WORK TO BE COMPLETED: Look through the entries below and copy exactly the part that begins with the line containing "Hello. Today we" and ends with the line containing "There are two". Do not copy the pictures.

GIVEN ENTRIES:
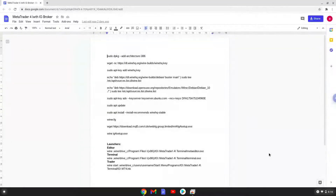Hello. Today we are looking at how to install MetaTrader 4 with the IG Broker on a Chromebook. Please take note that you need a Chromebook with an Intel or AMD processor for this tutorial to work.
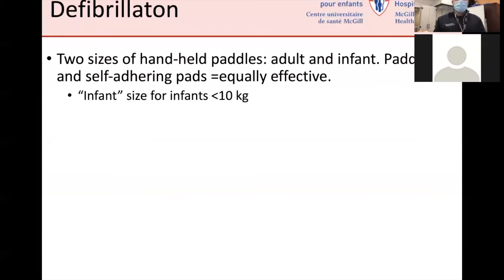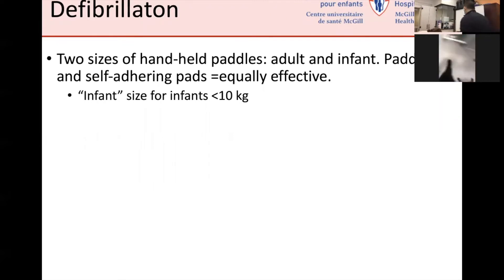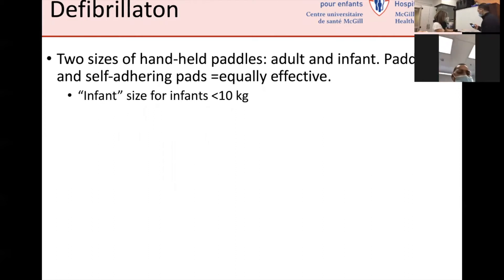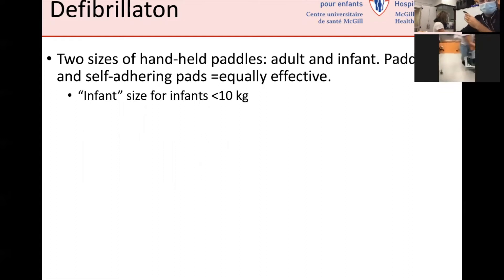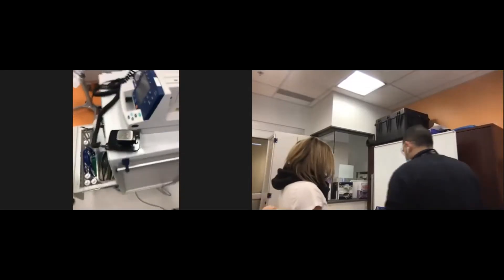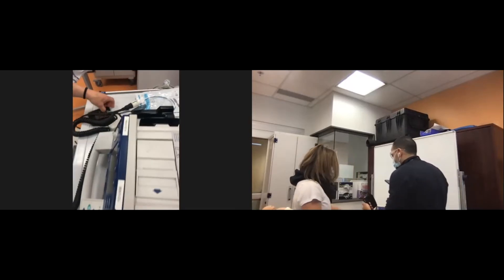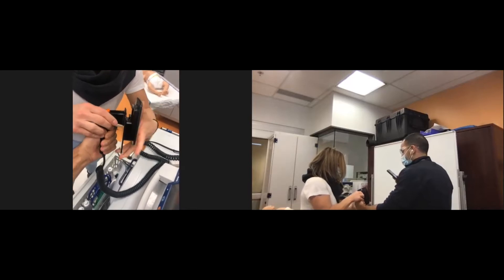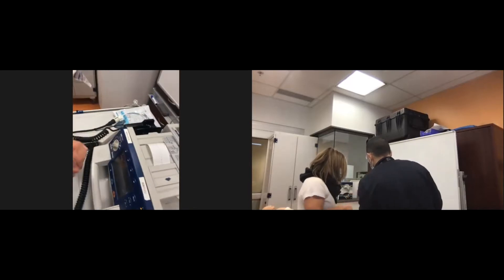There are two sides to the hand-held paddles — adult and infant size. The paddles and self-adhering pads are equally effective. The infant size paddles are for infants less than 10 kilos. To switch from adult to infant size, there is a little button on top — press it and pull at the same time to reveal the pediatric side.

...

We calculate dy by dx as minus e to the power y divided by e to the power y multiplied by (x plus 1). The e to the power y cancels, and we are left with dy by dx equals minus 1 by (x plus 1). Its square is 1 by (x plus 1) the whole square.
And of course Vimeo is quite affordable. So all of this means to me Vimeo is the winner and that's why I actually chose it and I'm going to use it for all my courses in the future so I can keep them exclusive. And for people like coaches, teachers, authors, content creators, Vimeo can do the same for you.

RESULT:
Hello. Today we are looking at how to install MetaTrader 4 with the IG Broker on a Chromebook. Please take note that you need a Chromebook with an Intel or AMD processor for this tutorial to work.
There are two sides to the hand-held paddles — adult and infant size. The paddles and self-adhering pads are equally effective. The infant size paddles are for infants less than 10 kilos. To switch from adult to infant size, there is a little button on top — press it and pull at the same time to reveal the pediatric side.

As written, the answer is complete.